El relato del atentado es un hecho conocido. Pero nunca habíamos leído el relato en primera persona. Ocupa el capítulo cuatro. Lançon ralentiza los detalles y recompone sus impresiones: las piernas negras que ve bajo la mesa, los disparos alternados con gritos de Allahu akbar, la visión de la cabeza abierta de uno de los dibujantes, sangre, masa encefálica, y luego su propia sangre, y los dientes que se mueven en su boca, como si fueran grava. El autor comienza a utilizar en este capítulo un recurso de desdoblamiento que aparecerá en otros pasajes del libro, una quiebra cerebral para soportar la realidad: son cosas que le pasan a otro. Hasta que no recupere su rostro esos dos Lançon tendrán vidas paralelas.

Un relato sin odio

El atentado apenas vuelve a aparecer. Tan solo son imágenes del ataque. Apenas se cita a los hermanos que lo cometieron, tan solo para anotar la noticia de que han sido localizados. Lançon escribe sobre la onda expansiva que sus heridas provocan en su entorno, sobre la vida que ha perdido: «el atentado se infiltra en los corazones que ha mordido pero no los amansa. Irradia alrededor de las víctimas una serie de círculos concéntricos y los va multiplicando en atmósferas muchas veces patéticas. Contamina lo que no ha destruido a fuerza de subrayar con un bolígrafo de trazo nítido y sangriento las flaquezas secretas que nos unen y no veíamos«

No hay odio. No hay una línea dedicada a la especulación sobre las razones de quienes cometieron el atentado. A la víctima le molesta el ruido mediático en el que todos y cada uno de los actores quieren exponer su razonamiento sobre un hecho irracional. A pesar de que reconoce que el atentado equivale a una «violación colectiva». «A partir del 7 de enero , mi vida dejó de ser mía. Me convertí en responsable de aquellos que, de un modo u otro, me querían. Mis heridas eran también las suyas. Mi prueba de adversidad, era cosa de todos».

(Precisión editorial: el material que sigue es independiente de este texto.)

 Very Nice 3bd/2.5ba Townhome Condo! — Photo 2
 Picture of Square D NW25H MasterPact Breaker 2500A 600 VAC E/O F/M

La vida en la mesa de operaciones

No hay épica, no hay héroes. La vida de Lançon se expone en el relato como abierta en canal en una mesa de operaciones: la historia familiar, los lazos afectivos que se rompen, los reproches, la relación con los médicos, la dependencia de los cirujanos: «el nervio que me unía al facultad de juzgar parecía cortado, como el que me unía a la memoria: veía cómo hubiera podido juzgar y según qué criterios, pero las ganas de hacerlo habían desaparecido. Ya solo existía como un cuerpo que no era del todo el mío, en una vida que ya no era del todo la mía y cuya conciencia acogía sin reparos morales, sin oponer resistencia, todo cuanto se presentaba». El autor reconoce que se ha convertido en un libro abierto: no tiene nada que negar ni nada que esconder.

A Lançon le acompañan los libros, pocos libros, que lee de forma obsesiva: La Montaña mágica de Mann, Las cartas a Milena, de Kafka, el pasaje de la muerte de la abuela del Tiempo perdido de Proust. Algunas de las páginas de Lançon están a la altura de esas obras.